65th ESCAP Session, Ministerial Segment Bangkok
28 April 2009

Statement of
Mr. Jan KUBIS
UNECE Executive Secretary

The Global Economic and Financial Crisis: Regional Impacts, Responses and Solutions: The ECE Region *

I. Introduction and overview

The ECE region which is composed of 56 economies is a very diverse area with advanced, emerging and a few rather poor developing countries. The nature of the crisis in terms of how it entered and impacted these different economies varies considerably, and the policy options available to these countries also vary considerably due to differing economic circumstances and institutional constraints. As such it is difficult to generalize about the economic situation and policy responses of the ECE economies overall; at a minimum North America, the advanced western Europe countries and the European emerging economies must be treated separately.

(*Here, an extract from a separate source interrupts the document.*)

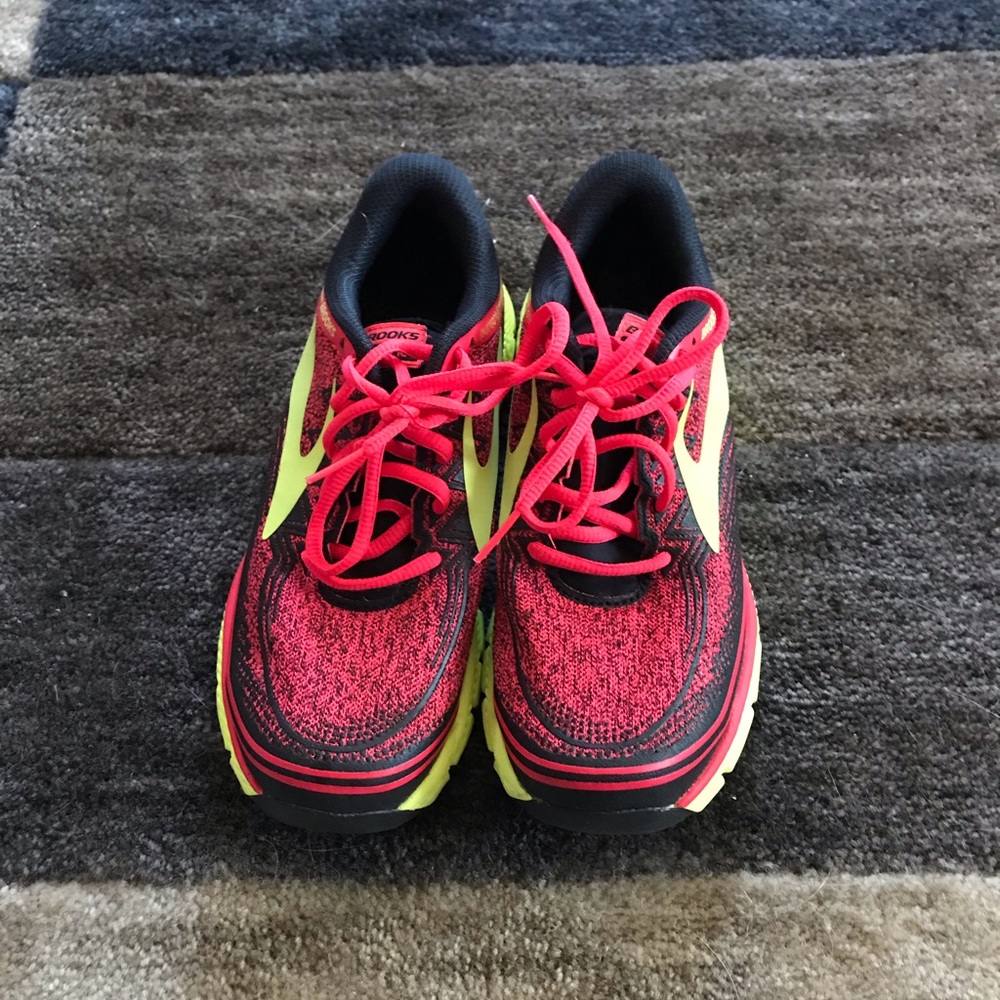 Never worn brooks pure grit.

The ECE region entered in 2008 what is forecast to be the worst economic downturn since the Second World War. Each of the sub-regions of the ECE is either experiencing or expecting to experience negative growth in 2009. The decline in growth has been accompanied by rising unemployment, and especially large declines in international trade and capital flows. Government fiscal positions have deteriorated significantly. In fact, the declines in economic growth in the emerging economies of the ECE are likely to be greater than in the advanced economies where the crisis originated.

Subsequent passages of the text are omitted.